Anna C. Need, PhD, Lecturer in Neurogenetics at Imperial College London, coauthored a 2015 study that used new bioinformatics analyses of WES data to obtain genetic diagnoses for 24% of 119 tested patients (Zhu et al, 2015). The French group's approach seems “pretty reasonable,” Need says, and it yielded an impressive number of new diagnoses for families who had likely remained in the dark for years. “There's all this uncertain information, and then after this analysis, 24 more families have got information,” she says. “That is absolutely fantastic.”

A Higher Workload

Even given the above, Need cautions that the new study points to a lingering problem in the field: for the foreseeable future, maximizing diagnoses based on next-generation sequencing will require deep analyses that cannot be automated. “Once you start looking at things that aren't obvious, that don't just spring out at you, it can take hundreds of hours of work,” she says. “I think they did a very thorough job, but whether or not this is something that any clinic can do is another matter.”

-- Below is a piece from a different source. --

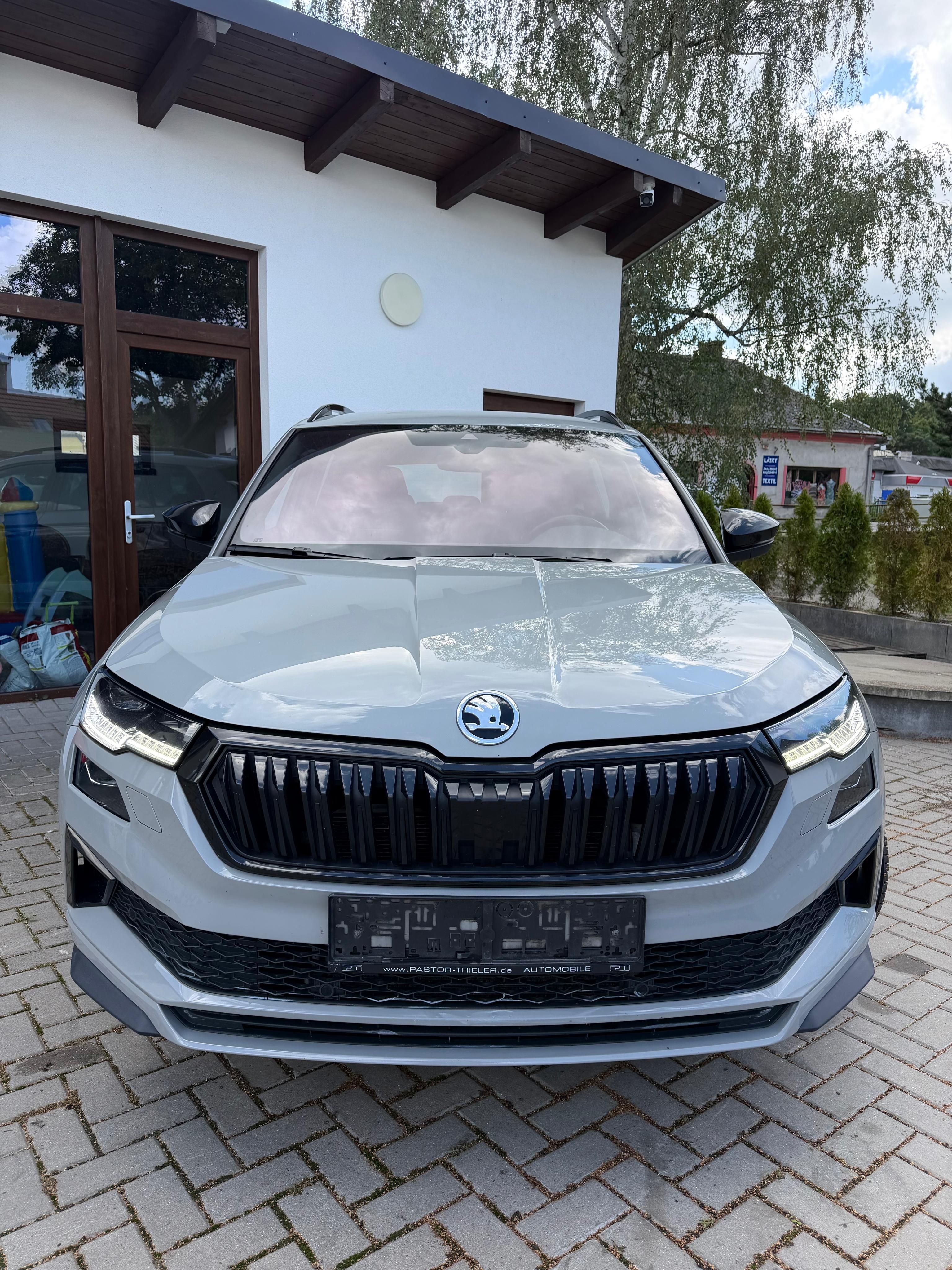 Škoda Karoq, Sport Line 1.5 TSI MATRIX DCC - fotka 2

Despite the considerable workload and effort needed to integrate a regular reanalysis of clinical WES data into clinical laboratories, the study authors maintain that reinterpretation based on translational research and data sharing can be an effective strategy. Over the 3-year study period, the researchers reduced their median time to diagnosis by 9 months. “Considering the exponential evolution of genetic discoveries and the improvements in computer performance over the past 5 years, prospective reanalysis of nonpositive WES results appears manageable and worthwhile for undiagnosed patients,” they conclude.